Harmful bacteria, many of those now resistant to commonly used antibiotics, are prevalent at retail meat shops across the capital Dhaka, researchers said, highlighting the food safety risks in one of the world’s most densely populated cities.
The study, titled ‘Prevalence of antibiotic resistance bacterial contamination in local retail meat shops and hygiene practices by vendors’, was published in the Journal of Biosciences and Public Health on August 18.
Conducted between March and May, the study collected 45 samples from beef and chicken cutting boards and cleaning water drums at the meat markets across the capital.
While talking about the method of collecting samples, researchers said that the samples were stored in saline solution using sterile cotton swabs, and taken to laboratories for microbiological analysis.
The researcher group also isolated bacterial colonies and identified them using selective media and biochemical tests, before conducting antibiotic sensitivity checks with the disc diffusion method.
The results showed high levels of microbiological contamination. Escherichia coli was present at up to 1 million colony-forming units, while gram-negative bacteria such as Klebsiella reached up to 1,00,000 CFU.
Besides, non-spore-forming bacteria such as Enterobacter, Staphylococcus aureus, and Enterobacteriaceae family’s Citrobacter bacteria were also found to a significant extent in the samples.
The researcher team also conducted a study on the resistivity of the isolate, a culture of the microorganisms isolated for the study, towards commonly used antibiotics to assess the extent of danger.
The team found that 70 per cent of the isolates were resistant to Azithromycin, a widely used drug for respiratory and intestinal infections, while 63 per cent found resistant to both tetracycline and ciprofloxacin — drugs widely used to treat urinary tract, skin and lungs infections.
Chicken retail shops were found to be particularly concerning.
Pseudomonas isolates from chicken cutting boards showed resistance to all six antibiotics tested, including gentamicin and ceftriaxone, which are often used as last-line treatments in critical care.
‘These findings point to serious lapses in food hygiene and the growing spread of antimicrobial resistance through food chains,’ said Tanzir Hassan Siddiqui, corresponding author of the study and a public health and informatics student at Jahangirnagar University.
The study also surveyed 224 meat vendors in Dhaka, exposing major gaps in hygiene practices.
Nearly 88 per cent of them said that they had never received food safety training, while more than half admitted to not using gloves or aprons.
Many relied on clothes or reused water to clean chopping boards, conditions that experts say allow bacteria to persist and spread into consumers’ kitchens.
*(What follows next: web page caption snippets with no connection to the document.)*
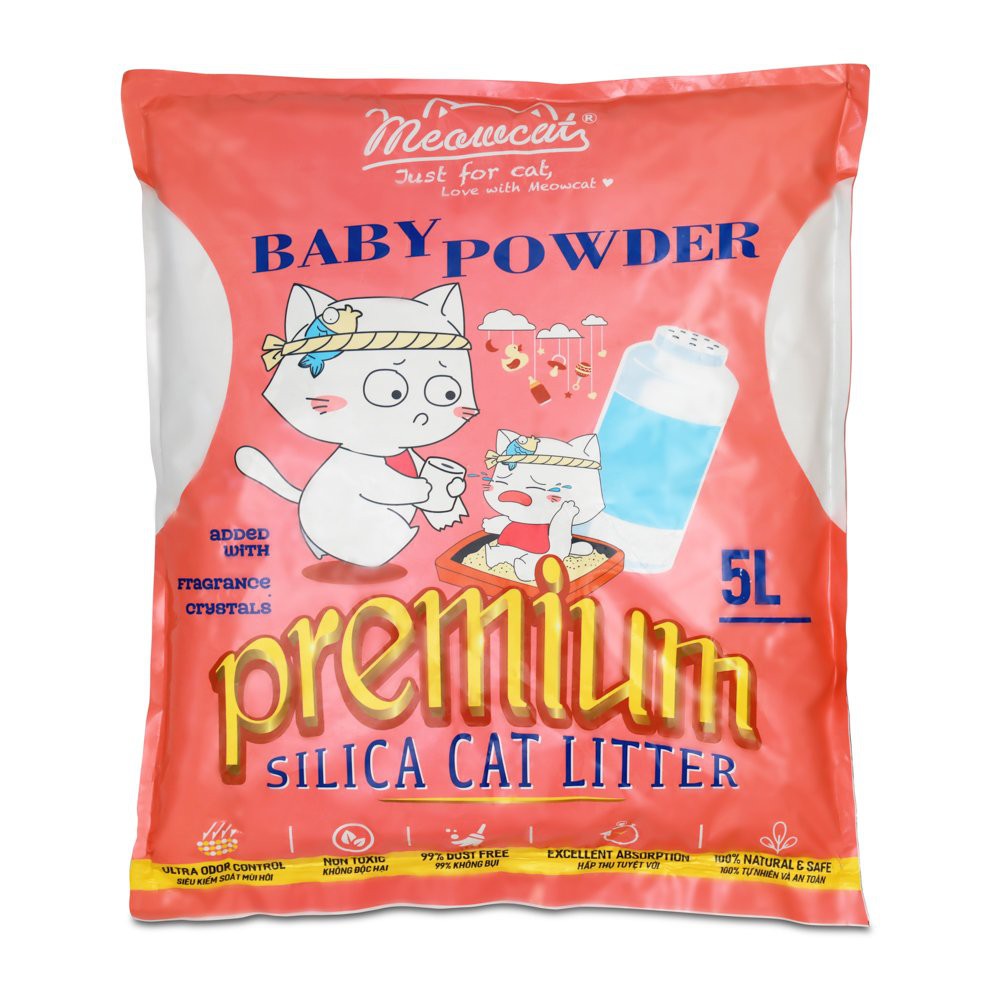 Cát thủy tinh vệ sinh cho mèo 5L SILICA CAT LITTER PREMIUM {BÁN BUÔN + FREESHIP} Cát vệ sinh cho mèo khử mùi cực mạnh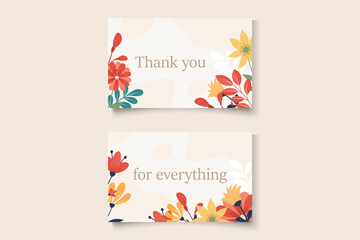 Thank you card design on a spring flower theme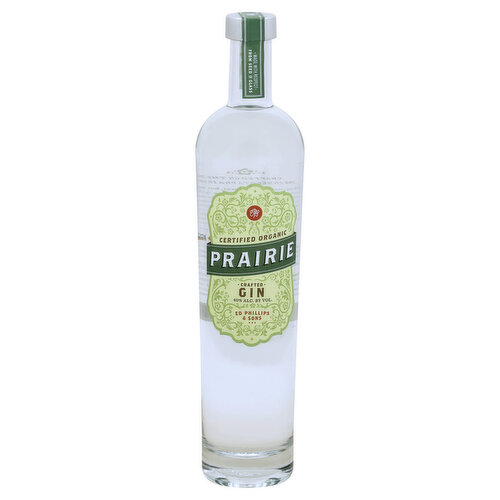 Made with respect from seed to glass. Certified organic. USDA organic. Certified Organic: Quality Assurance International. 100% grain neutral spirits. A gin, not of the moment, but of five generations of spirit makers. A unique blend of botanicals that creates a taste that is unique to Prairie Organic Gin. A full and pleasant herbal blend with a very light juniper background. Prairie Organic Gin has a taste that is refreshing and light. Bottled in accordance with organic standards. Enjoy in moderation. 40% alc by vol. Crafted on the Minnesota Prairie. Produced and bottled by Ed Phillips & Sons Co., Princeton, Minnesota, USA.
Antimicrobial resistance is already a global health crisis, contributing to nearly 5 million deaths annually, according to ‘The Lancet’, one of the world’s highest-impact academic journals and also one of the oldest medical journals still in publication.
In countries with rapid urbanisation and weak oversight, foodborne transmission of resistant bacteria is considered a major driver.
‘Bangladesh, like many low- and middle-income countries, faces a dual challenge: weak enforcement of food safety regulations and widespread misuse of antibiotics in livestock production,’ said Nihad Adnan, a microbiology professor at Jahangirnagar University.
Farmers often administer antibiotics to animals for growth promotion or as preventive measures, practices the World Health Organisation has repeatedly warned against.
‘Once these resistant bacteria enter the human population, infections become much harder and costlier to treat,’ Adnan said.
‘The risk is no longer theoretical — it is happening now,’ he observed.
The researchers urged urgent action, including stricter hygiene monitoring in wet markets, mandatory training for meat handlers and tighter regulation of antibiotic use in agriculture.
They also called for consumer education, warning that washing meat with contaminated water or preparing food on unclean surfaces could carry bacteria into households.
‘Our study reveals just a fragment of the larger problem,’ Tanzir said.
‘Without coordinated national action on food safety and antibiotic stewardship, Bangladesh risks facing untreatable infections spreading through its everyday food supply,’ Tanzir noted in the policy recommendation on the research paper.